Behrouz Boochani’s biography, No Friend But The Mountains, written from a mobile phone in prison, is set to be made into a feature film.
Aurora Films, Sweetshop, and Green and Hoodlum Entertainment are producing the adaptation, which will primarily be filmed in Australia.

Behrouz Bouchani’s 2018 non-fiction account of his time in Manus Island Prison will be adapted into a feature film, with production beginning in mid-2021.
The book is an agonising biography of Bouchani’s journey from Indonesia to Manus Island, where he was incarcerated for six years. The Kurdish Iranian writer and journalist was awarded Australia’s richest literary prize, the Victorian Premier’s Literary Prize and the National Biography Award for his work, which was typed out in Farsi via text messages to a translator.
Boochani aims to communicate the horrors of systematic torture within the prison system with his account of daily routines, traumatic incidents and the lives and deaths of the other prisoners.
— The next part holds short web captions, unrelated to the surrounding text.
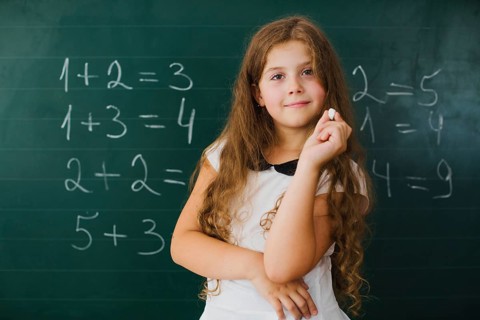 Schoolgirl smiling blackboard class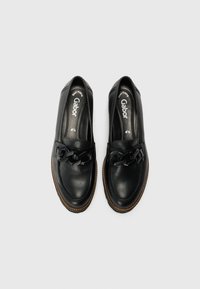 Zapatos de cuero negro con punta redondeada, que presentan un detalle de cinta trenzada y costuras en contraste a lo largo de la suela. Marca Gabor visible en el interior.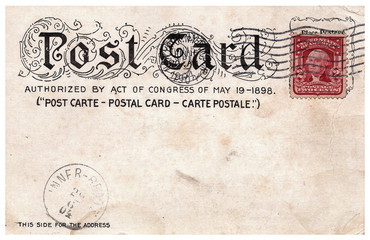 empty vintage postcard with postmark and stamp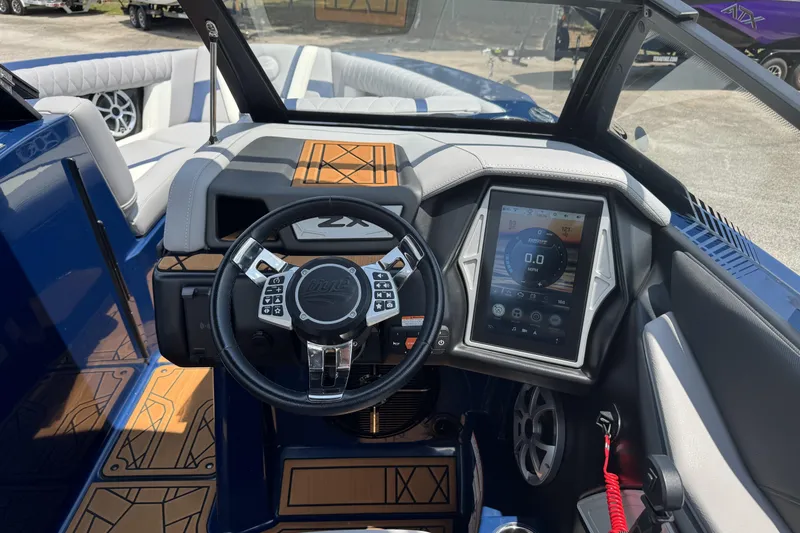 Slide: The Image of 2021 Tigé 23ZX boat interior with advanced touchscreen dashboard and steering wheel controls. - 9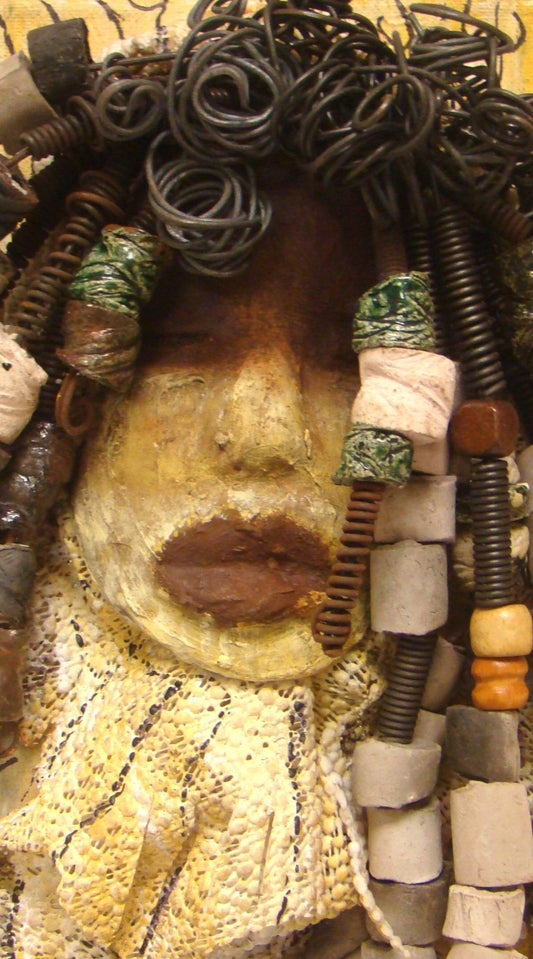 I started making mask after seeing an authentic African Mask collection at the Smithsonian Museum of African Art. I was in total awe. Millie was inspired by my visit there. Millie is mounted on a 9"x 12" painted canvas. I spent about 4 hours or more just  fixing Millie's hair and attaching her beads!      Millie has over 40 feet of 16 gauge wire for hair and over 50 raku beads.     Millie has a two tone  white chocolate crackle face with rust chocolate lips.     She is ready to be hung!   Free Shipping!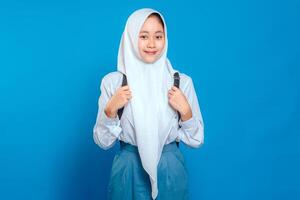 A Cheerful Asian girl wearing school uniform and hijab, smiling confidently while holding backpack straps. Positive and friendly facial expression on blue background photo
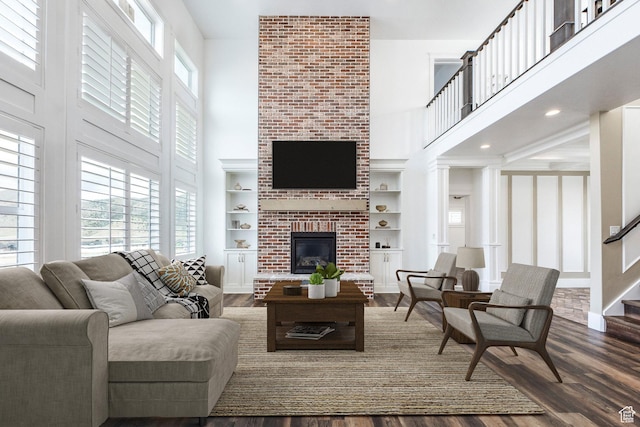159 E 625 S, Mantua, UT 84324 - living area featuring a towering ceiling, a brick fireplace, dark wood-style flooring, built in features, and baseboards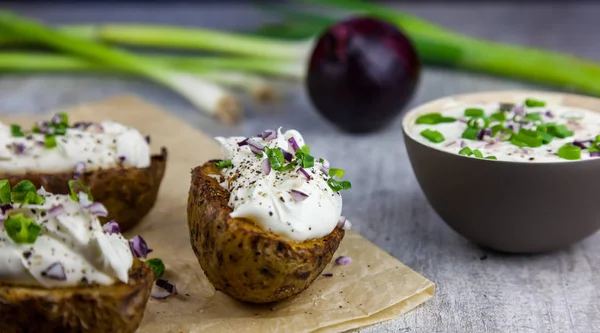 Baked jacket potatoes stuffed with curd and spring onion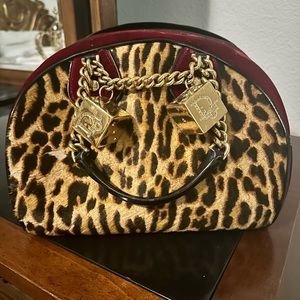 CHRISTIAN DIOR
Vintage Gambler Dice Bowler Bag.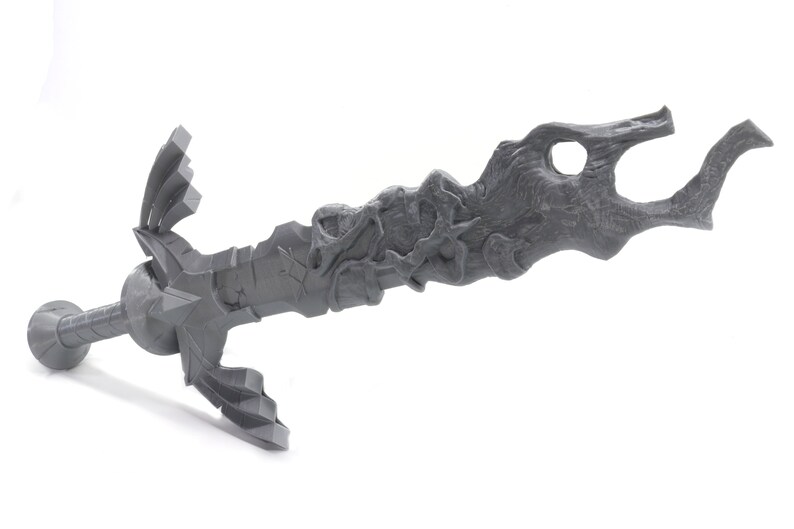 May include: A gray 3D printed sword with a detailed, organic design. The blade is curved and has a textured surface. The hilt is also detailed and has a sharp point.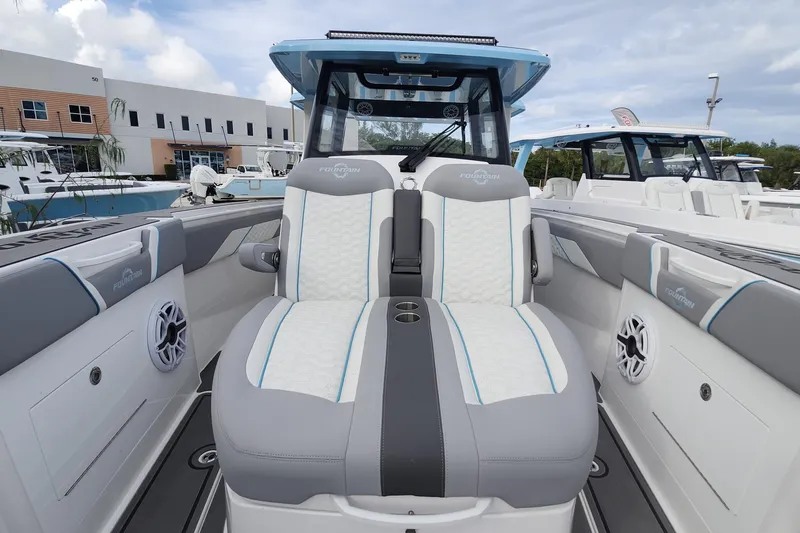  Yacht Photos Pics 2025 Fountain 38 SCX boat interior with modern seating and sleek design.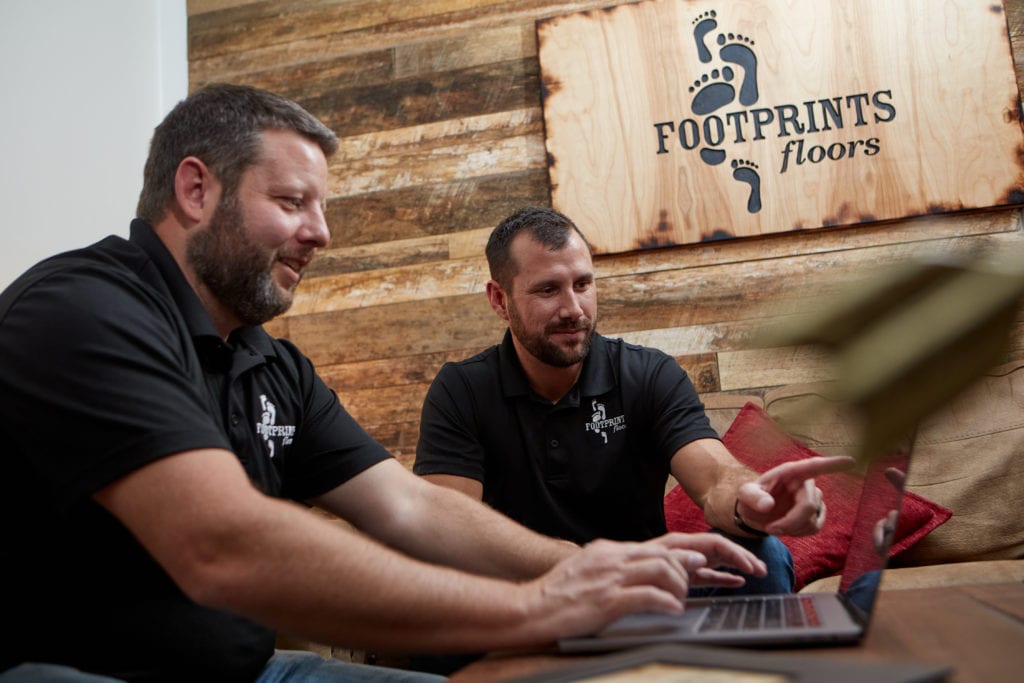 An image of a Footprints Floors owner speaking CEO, Bryan Park.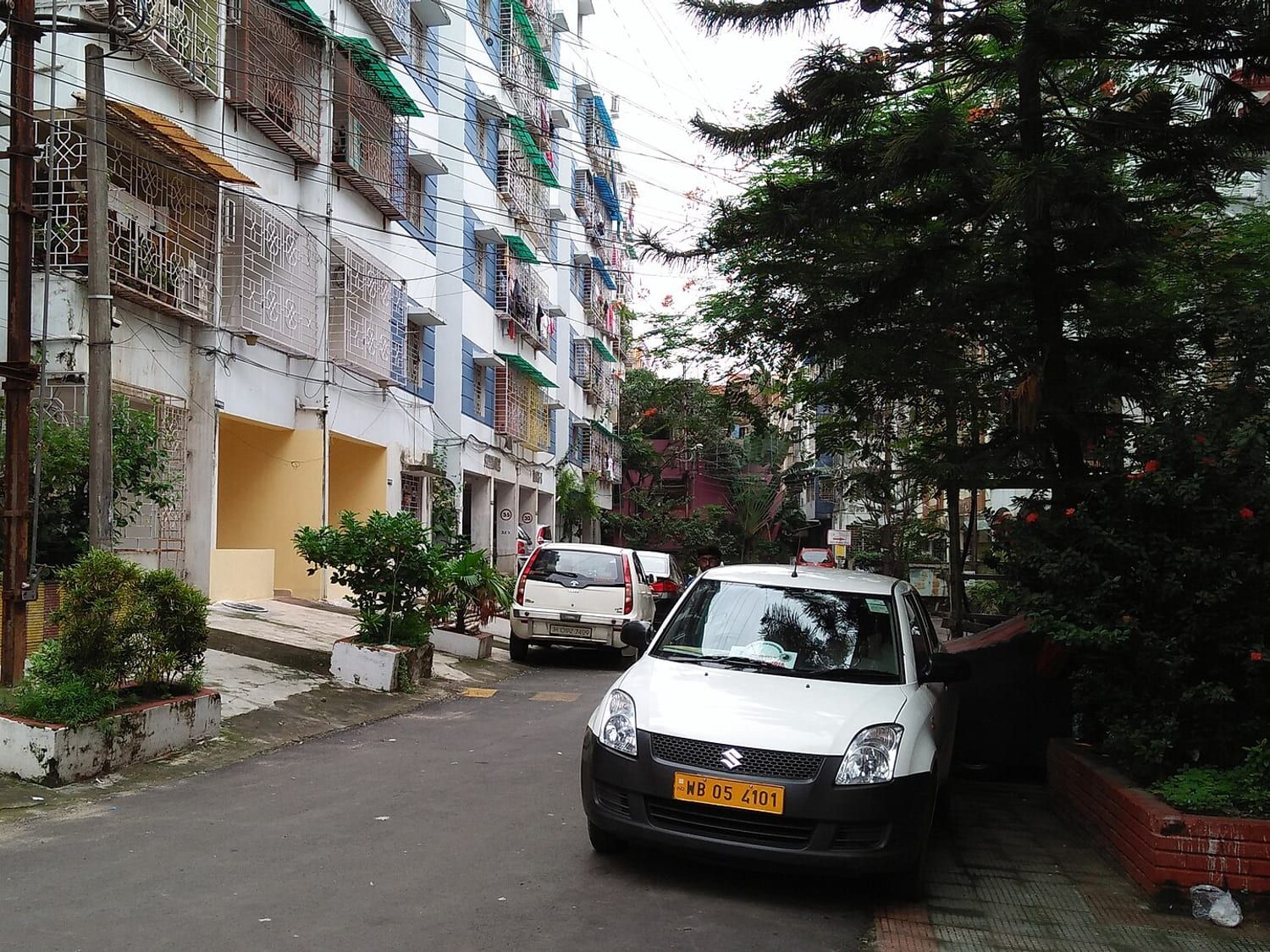 Cream and pink residential blocks seen from the approach road. Stand-in photograph.
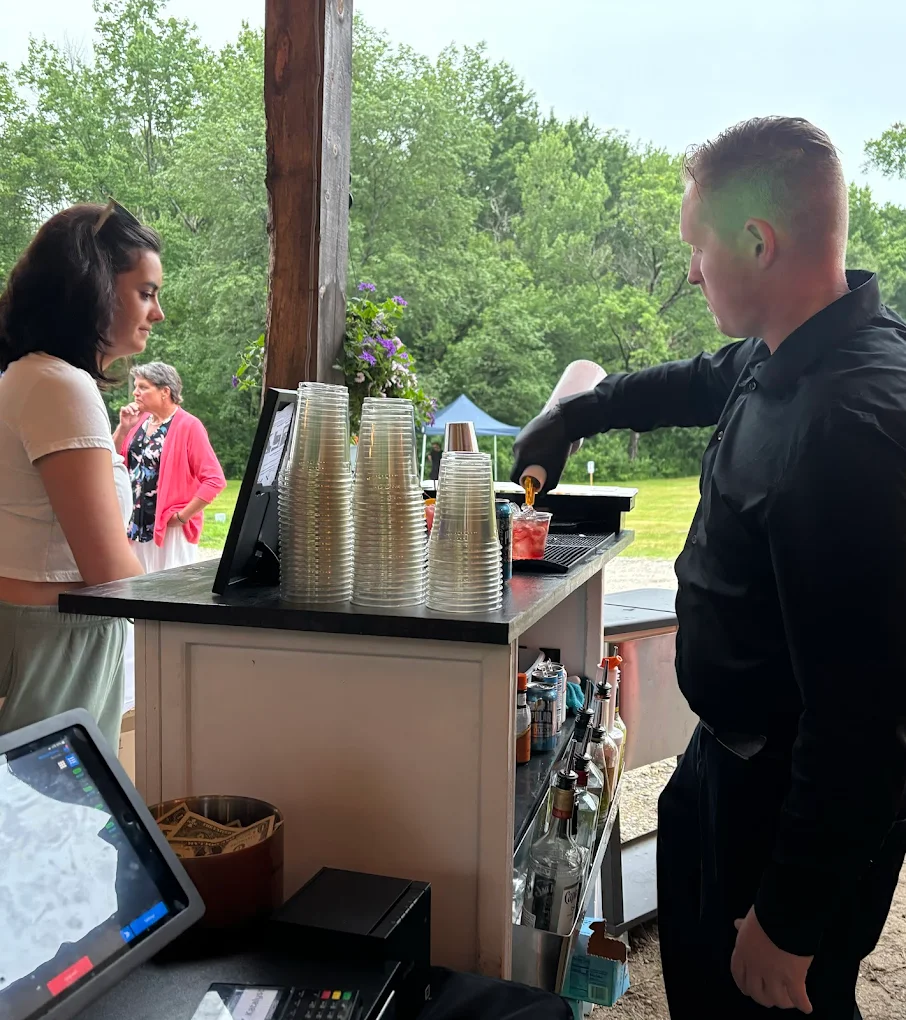 Professional mobile bar setup with bartender serving drinks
“What the Australian government has done, in Manus and Nauru and still continues this policy – we should share this story in different languages – and cinema is a very important and powerful language,” the writer told The Guardian.
Bouchani interlaces various styles of writing, dispersing noisy, chaotic scenes amongst quiet moments of reflection, wonder and sometimes triumph. As a whole, the narrative is an exhibition of the fundamental flaws of human nature, desperation and resilience against an inhumane discipline system.
“The Australian government always tries to hide the truth – and they should know that now the story is a big story,” he said in an interview.
“It’s not only my story, it’s our story.”